Haiti: UN-supported supply system provides clean water to remote community
A remote area mainly consisting of dry mountains, Los Palis is located 15 minutes away from the city centre of Hinche. Life for the inhabitants of this isolated community – divided into several areas, including Los Palmas, Jacob and Guébo – has never been easy. Residents lack some basic necessities and struggle with a lack of access to electricity, health services, roads and especially drinking water.
People from Los Palis, particularly women and children, walk miles to bring home drinking water to prevent their relatives from being exposed to poor quality water and water-related diseases.

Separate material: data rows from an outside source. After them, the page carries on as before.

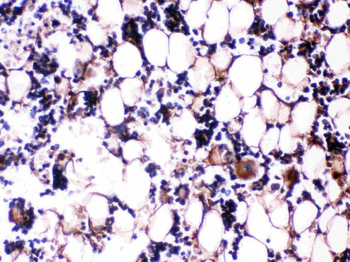 Anti-Osteocalcin/BGLAP Antibody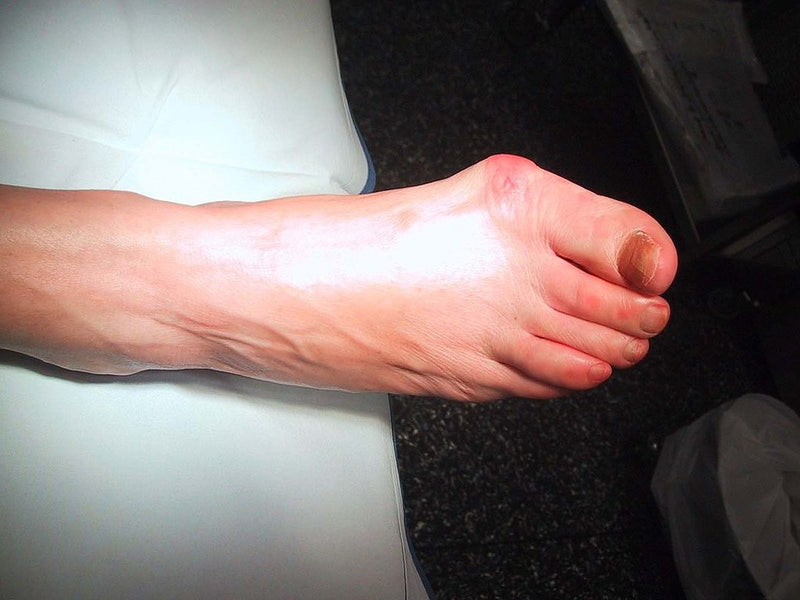 What Does Bunion Pain Feel Like?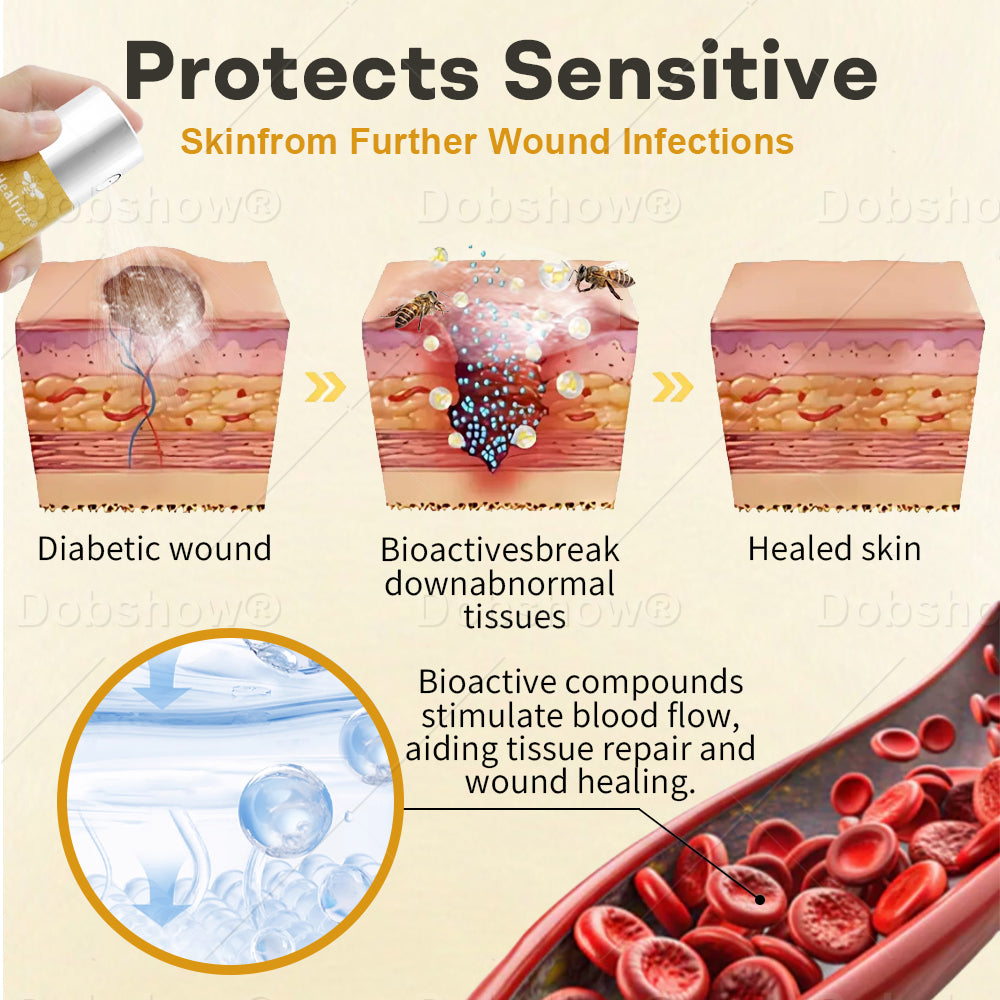 Healrize® GlucoShield  Wound Spray—— Supports Skin Repair & Protects Diabetic Feet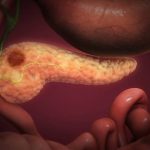 Tumore al pancreas, sviluppato nuovo anticorpo radioattivo per diagnosi e cura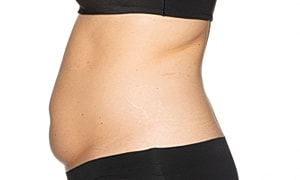 Side view of a woman's exposed abdomen.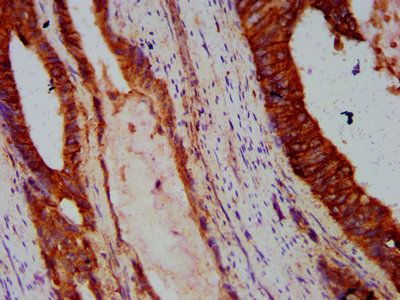 CDH1 Antibody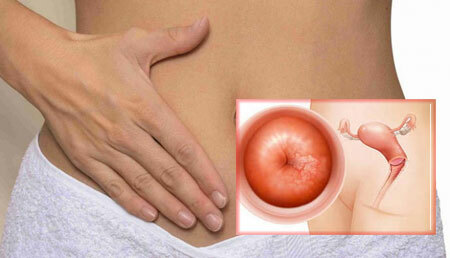 Tratamento da erosão cervical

In the rainy season, the village draws water from sources such as ponds formed by overflowing nearby rivers. Unsafe water often results in frequent cases of diseases such as typhoid, diarrhoea, dysentery, cholera, or vaginal and other water-related infections.
To end the suffering of the residents of Los Palis, MINUSTAH financed the third phase of a water supply project aiming at serving more than 18,000 people, more than 53 per cent of whom are women. Inaugurated last Thursday, the supply system received $95,671 through a quick-impact projects programme enabling MINUSTAH to support Haitian authorities in improving public infrastructure and living conditions.
“In 2014, the Secretary-General of the United Nations came to Los Palmas. He saw the situation in relation to water, cholera and other diseases, and he announced a programme, the third phase of which we are inaugurating now,” said the Mission’s deputy chief, Mourad Wahba, who is also the UN Resident and Humanitarian Coordinator in Haiti, at the project’s inauguration.
Wahba underlined that the project benefited from MINUSTAH’s contribution but also from the Secretary-General’s new approach to eliminate cholera and all water-borne diseases in Haiti. “The best way to do this is through drinking water, sanitation and vaccination projects,” he added.
The new approach to tackling the disease will centre on two different elements, known as ‘Track One’ and ‘Track Two.’
‘Track One’ consists of a greatly intensified and better-resourced effort to respond to and reduce the incidence of cholera, through addressing Haiti’s short- and longer-term issues of water, sanitation and health systems and improved access to care and treatment.
‘Track Two’ of the approach is the development of a package of material assistance and support to those Haitians most directly affected by cholera, centred on the victims and their families and communities. It is expected that it will also involve affected individuals and communities in the development of the package.
Haiti has been dealing with a cholera outbreak since October 2010, some nine months after it suffered a devastating earthquake. The outbreak has affected an estimated 788,000 people and claimed the lives of more than 9,000. Concerted national and international efforts, backed by the United Nations, have resulted in a 90 per cent reduction in the number of suspected cases.